The Spark

the Voice of
The Communist League of Revolutionary Workers–Internationalist

“The emancipation of the working class will only be achieved by the working class itself.”
— Karl Marx

Bush Anti-immigrant Measures Attack All Workers

Aug 20, 2007

The Bush administration announced a crackdown on “illegal” immigration. Since Congress failed to pass the anti-immigrant legislation before it earlier this year, Bush says his plan is meant to enforce existing laws. The plan includes 26 measures such as increasing border fencing, vehicle barriers and Border Patrol agents, and strengthening a system for employers to check workers’ legal status.

It increases fines on employers for “knowingly hiring illegal immigrants.” At the same time, it offers a “safe harbor” to employers who receive “no-match” letters from the Social Security Administration if they tell the workers to correct the mistakes.
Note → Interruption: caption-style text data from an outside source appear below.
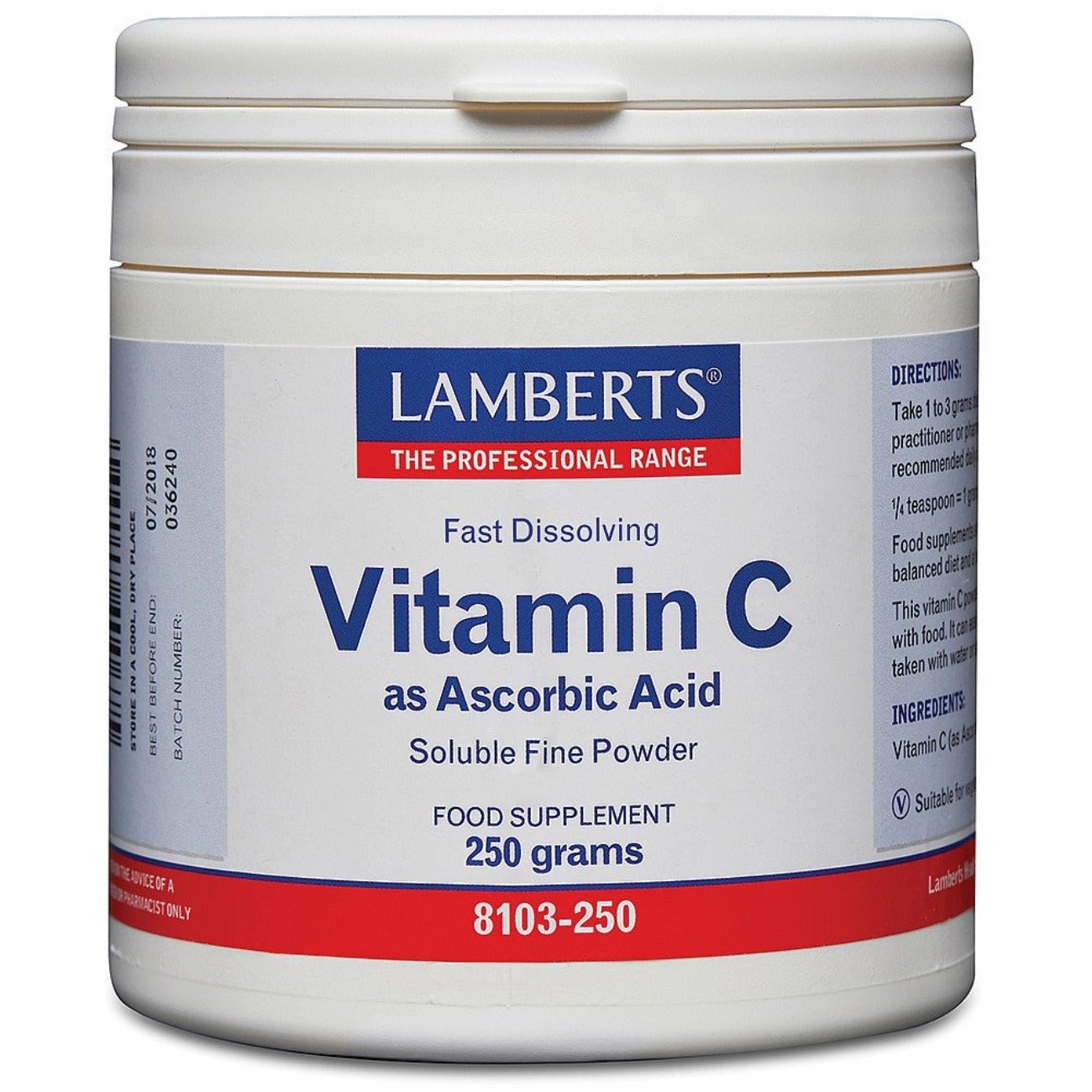Ascorbic Acid 250g - Lamberts - Food Supplement - Eco Natural Products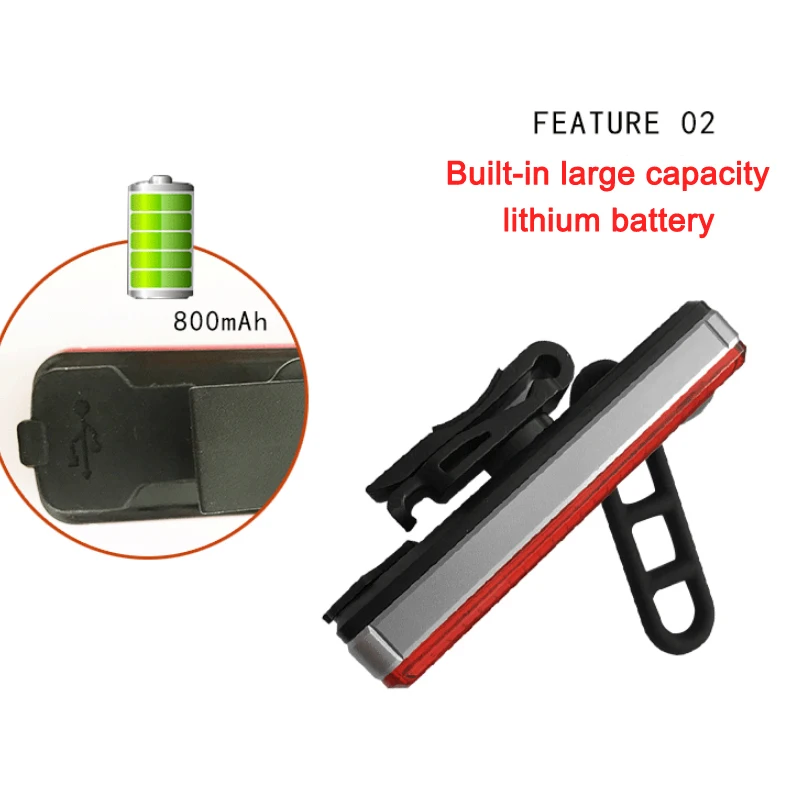 Flash Deal Bike Bicycle Rear Front USB Rechargable COB Bike Light Lamp Red Light 360 Degrees Rotation 8 Modes &T8 2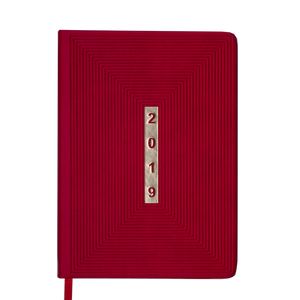 Ежедневник датированный 2019 MEANDER, A5, 336 стр., красный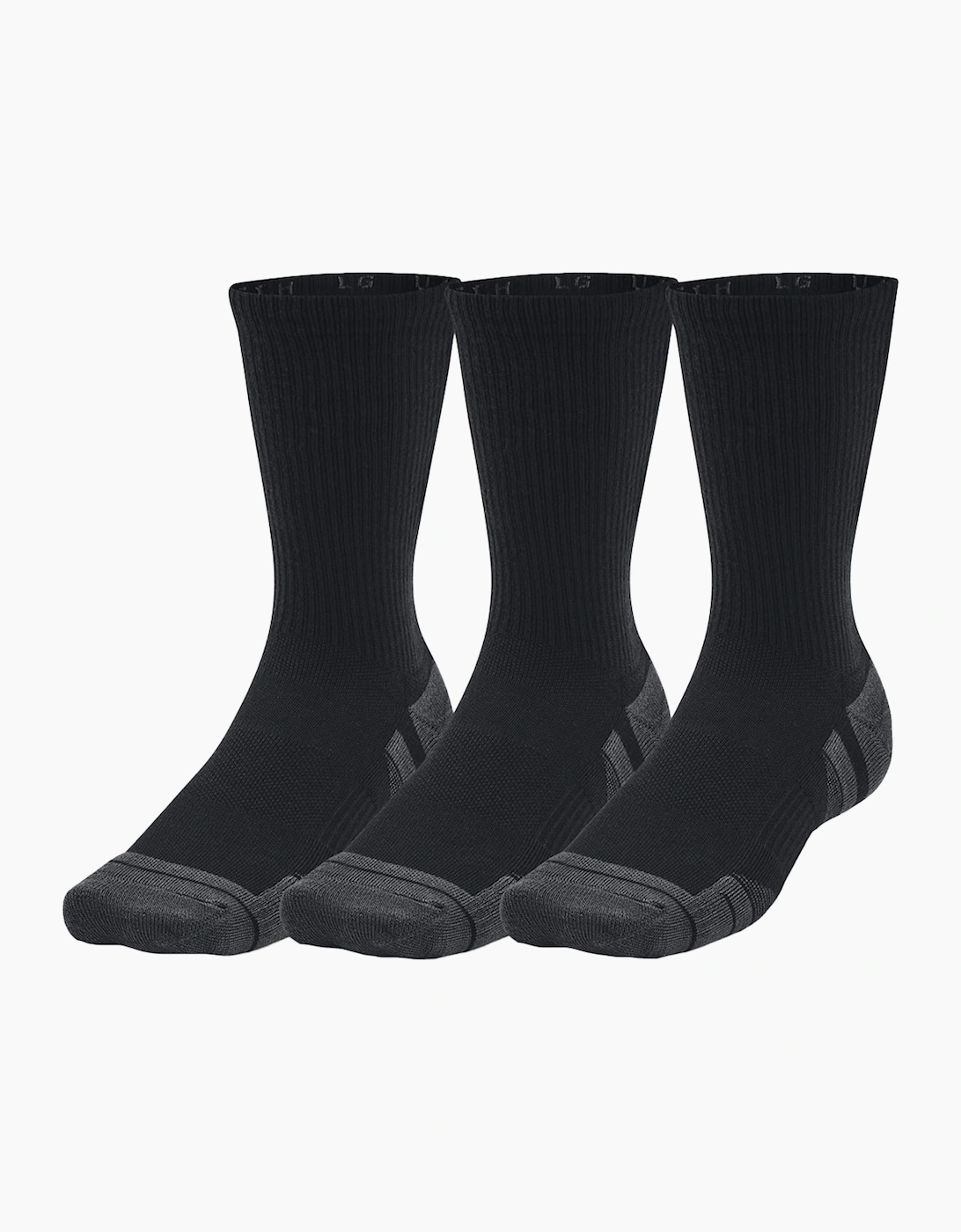Under Armour Unisex Adult Performance Tech Crew Socks (Pack of 3) - Black - Size: 9/8/8.5/9.5/13.5/14/14.5/15/15.5/16/13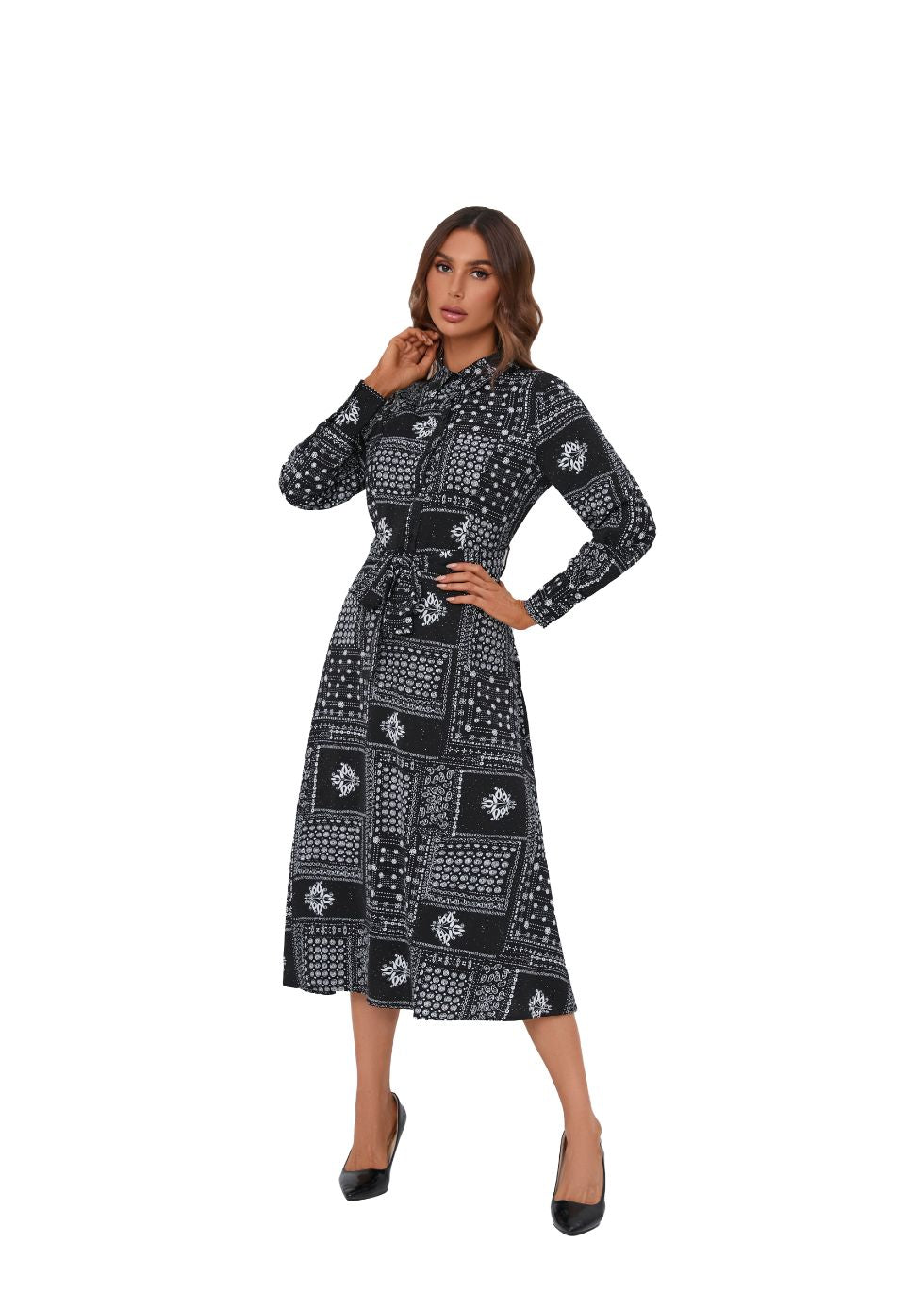 Collared Shirt Midi Dress with Mock Buttons - seilerlanguageservices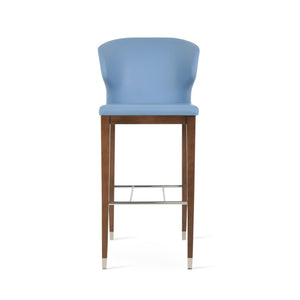 Soho Concept Amed Wood Barstools & Counterstools – Stylish Leatherette Seating With 2-year Guarantee, Turkiye Crafted Walnut,Blue  Soho-concept-dining-chair-07372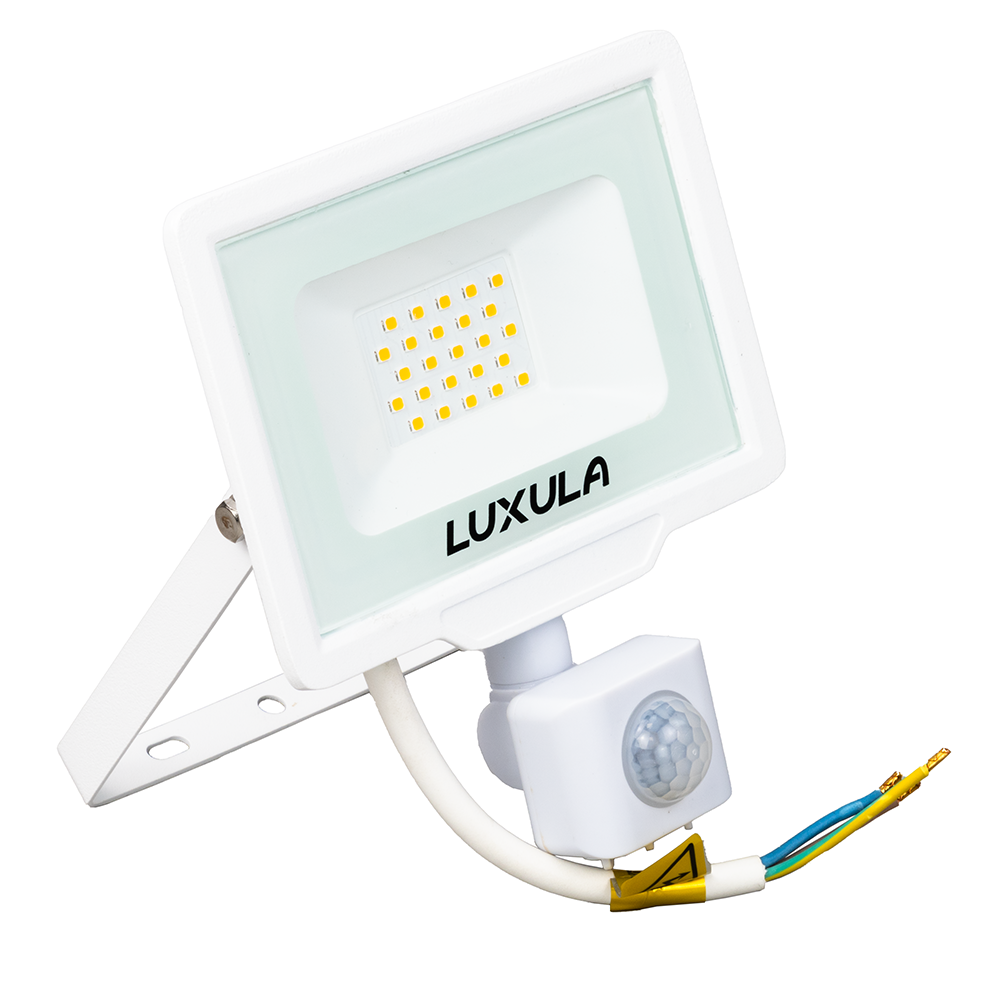 LED-Fluter mit Bewegungsmelder, 20 W, 4000 K (neutralweiß), 2000 lm, weiß, IP65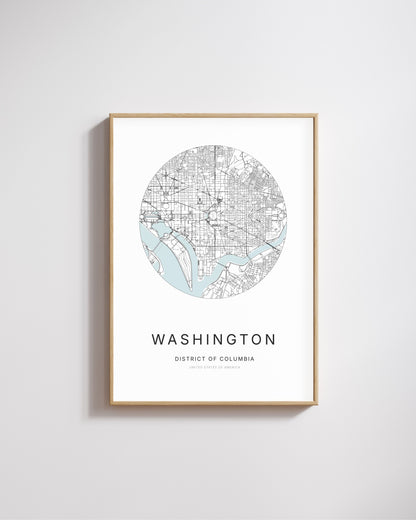 Poster représentant le plan de la ville de Washington.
These measures are a further attack on immigrant workers. Just like the various local laws that have been passed targeting illegal immigrants. Waukegan, Illinois, for example, passed a law allowing the local police to initiate deportation proceedings against convicted felons.

The best response against these attacks is to demonstrate, as some people have. And it is not only immigrants who have an interest in protesting.

At the same time it is important to understand what these laws are intended to do. These changes are not aimed at expelling 13 million undocumented immigrants.

That’s not to say that this government would not do so under different circumstances. It already expelled a large majority of the Mexican population twice in the past, in the 1930s and the 1950s.

But today, too many companies want low-wage immigrant labor.

These measures are meant to allow the bosses to use that labor, and at the same time, to give them the means to keep undocumented immigrants frightened and cornered. These laws are meant to make it clear to immigrant workers that at any moment, if they speak out against their wages or working conditions, their bosses can turn them in and have them deported.

Full legal rights for all immigrant workers and their families–that should be the position of every worker. It is the best way to ensure that immigrants do not have to be afraid to fight for higher wages and improved working conditions. And it solidifies our ties as one class, allowing us more easily to fight our common enemy.